How to Start Documentation for Your TYPO3 Extension

This chapter describes how to create documentation for your extension using local editing and rendering with Docker. It requires Docker for running the rendering toolchain locally on your computer to check if the documentation is rendered correctly.

This is the preferred workflow, but if you have problems with Docker or would like to edit directly on GitHub, see the older Tip of the Day How to start Documentation for your TYPO3 Extension.

If necessary, ask for help as explained in Help & Support.

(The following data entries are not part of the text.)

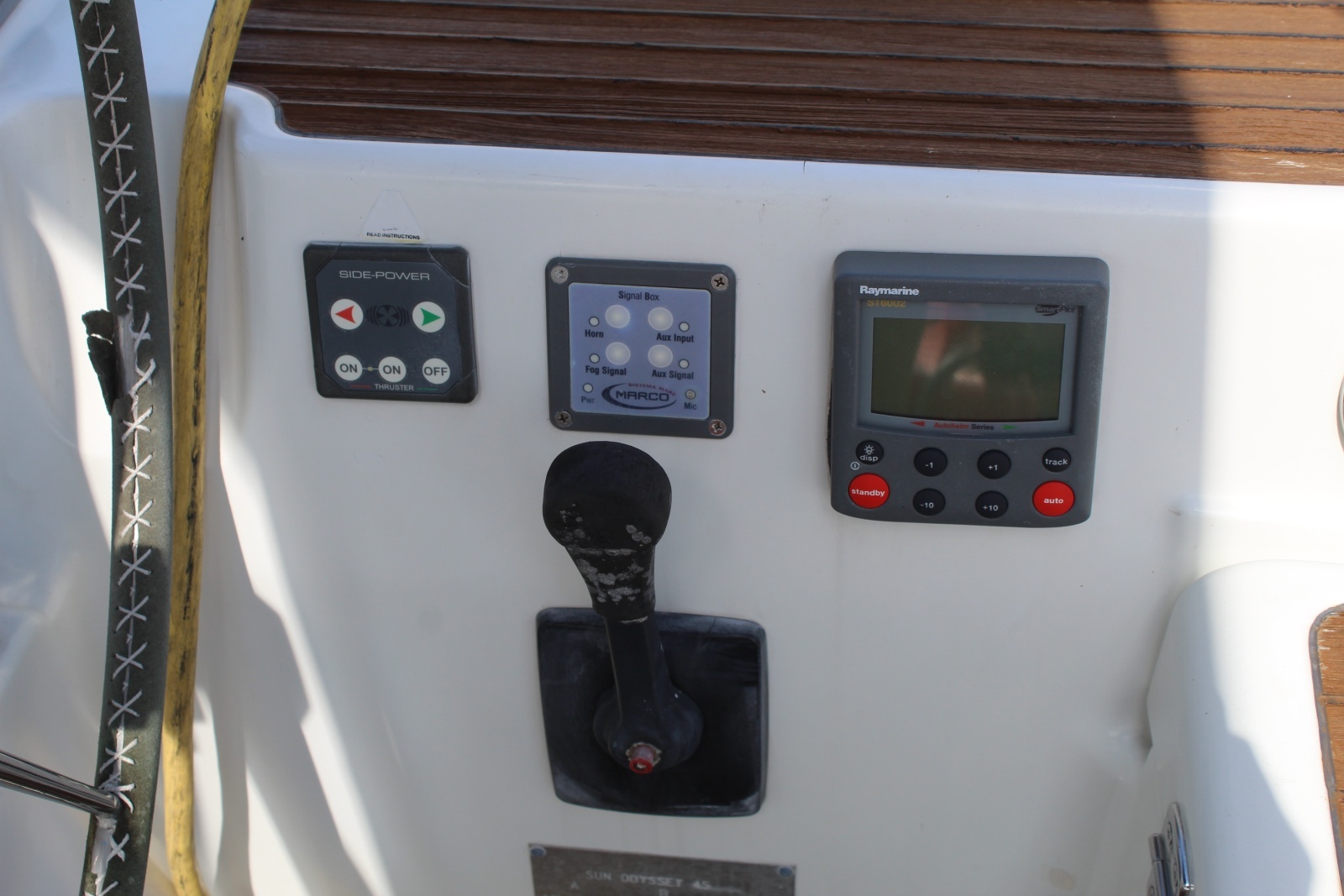 Ranch Water 45ft Jeanneau Yacht For Sale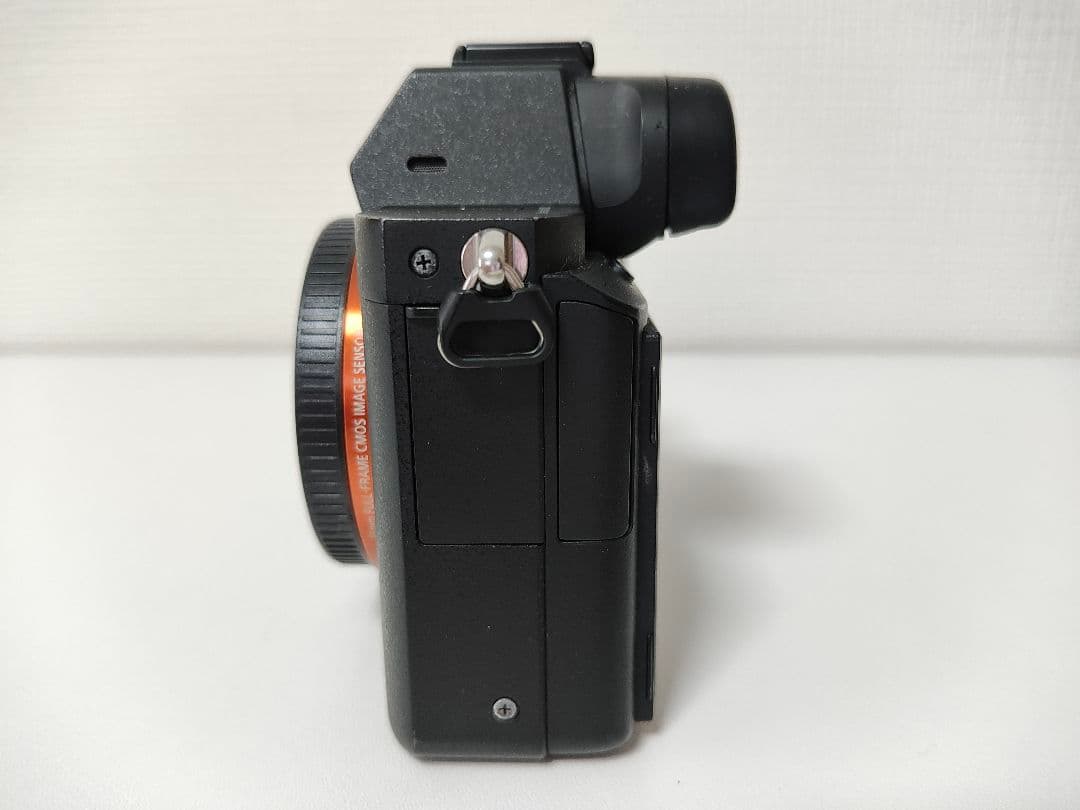 SONY α7 II ミラーレス一眼カメラ ILCE-7M2 ボディ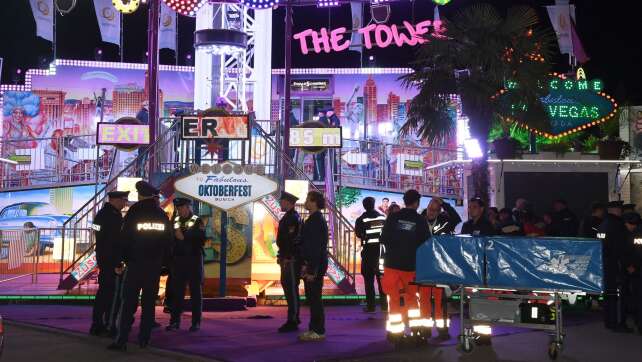 Tödlicher Unfall auf Oktoberfest – Ermittlungen zur Ursache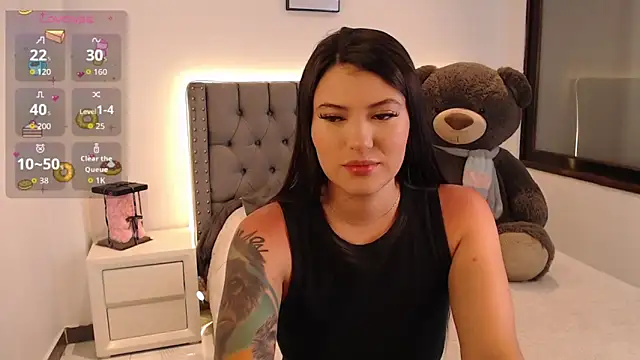 Nicols66 online show from 03/02/26, 09:43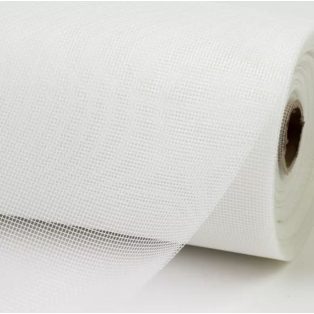 Szúnyogháló üvegszálas 160cm fehér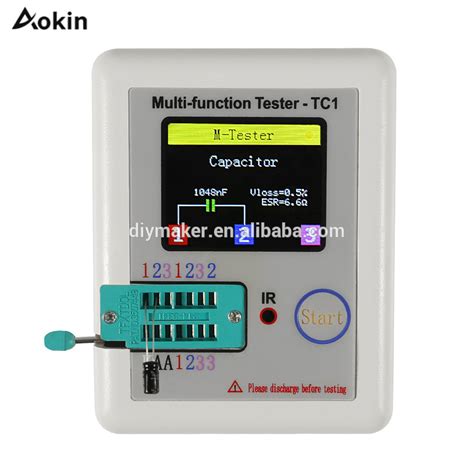 Lcr Meters Impedance Analyzers Business Industrial Test Meters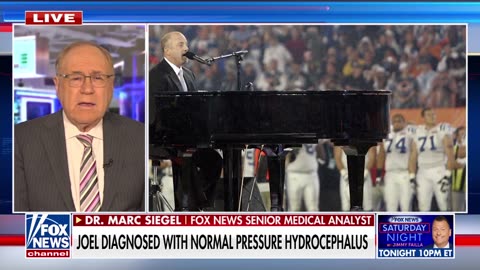 Billy Joel cancels upcoming concerts amid brain disorder diagnosis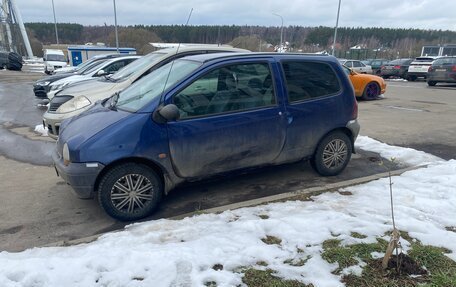 Renault Twingo II рестайлинг, 1998 год, 60 000 рублей, 2 фотография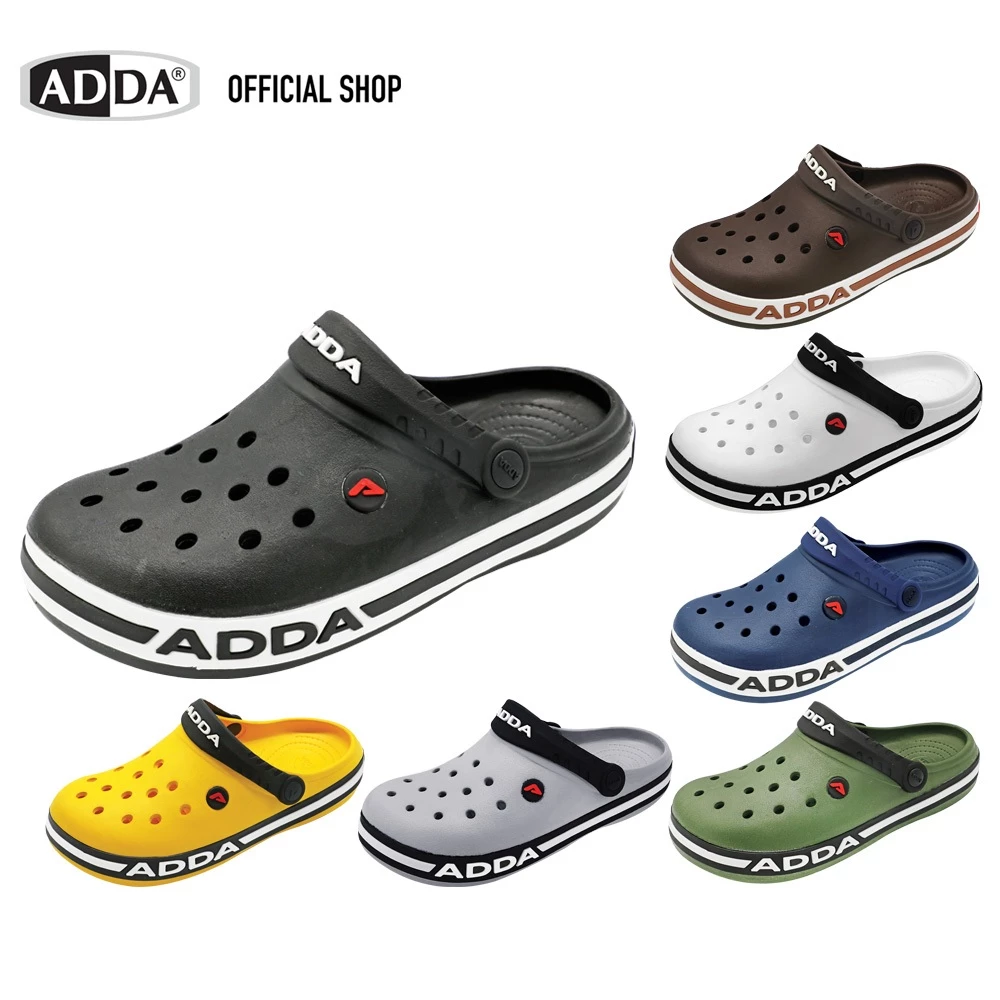 รองเท้า ADDA 55U01M1 หัวโต ผู้ชาย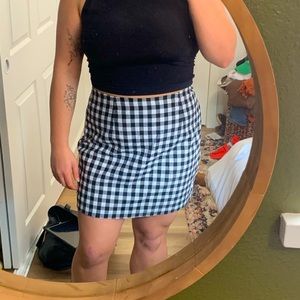Shein Mini Skirt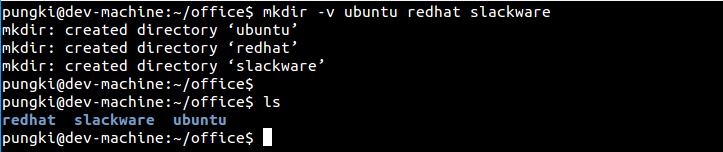 在Linux下用 mkdir 命令來創(chuàng)建目錄和子目錄的用法 mkdir創(chuàng)建多級目錄,linux下創(chuàng)建目錄命令,linux創(chuàng)建目錄的命令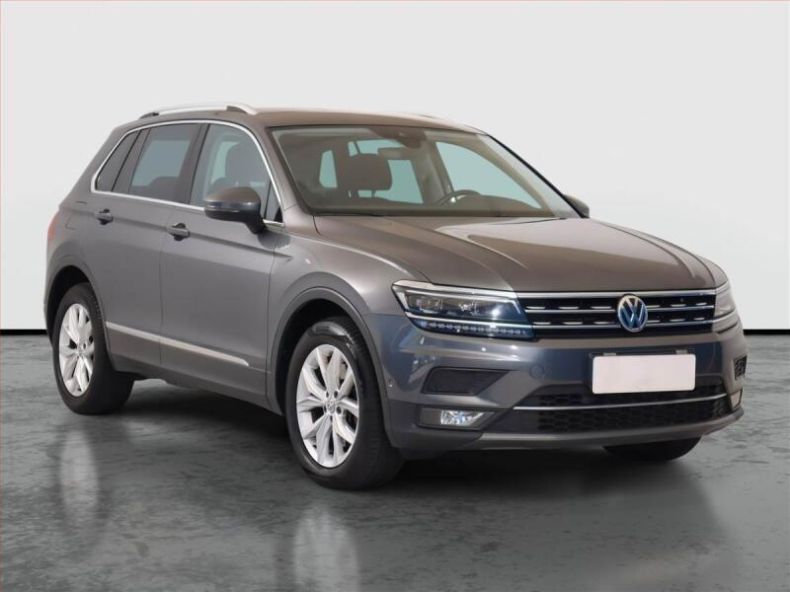 Volkswagen Tiguan - hlavní foto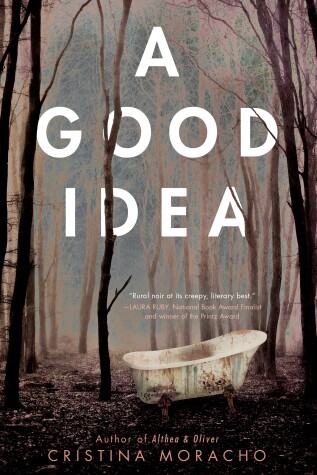 Book cover for A Good Idea
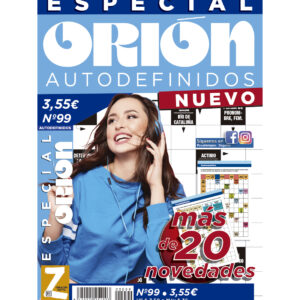 Especial Orión - 99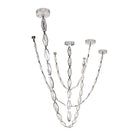 Lib & Co. Canada - 12395-058 - LED Suspendu - Rimini - Nickel poli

  1. Clone sample extension manual

    In a temporary directory, clone the GitHub project sample extension manual

    git clone

    Move or copy the entire Documentation directory, so that the Documentation directory is a direct subdirectory of your extension, e.g.

    cp -r TYPO3CMS-Example-ExtensionManual/Documentation <extension-directory>/
  2. Add additional files

    Some files are not mandatory, but it is recommended to use them:

    • .gitignore is useful, so you don't accidentally commit the generated documentation in Documentation-GENERATED-temp to your Git repository.
    • .editorconfig is useful, so you will use the recommended Coding Guidelines in your editor or IDE. You may need to set this up first (see EditorConfig Plugin for PhpStorm).
    # cp .gitignore (make sure you don't accidentally overwrite existing one though!)
    cp -n TYPO3CMS-Example-ExtensionManual/.gitignore <extension-directory>/.gitignore
    # cp .editorconfig (make sure you don't accidentally overwrite existing one though!)
    cp -n TYPO3CMS-Example-ExtensionManual/.editorconfig <extension-directory>/.editorconfig

    You may also want to consider adding CONTRIBUTING.rst and README.rst to your extension, if you plan to host the repository on GitHub.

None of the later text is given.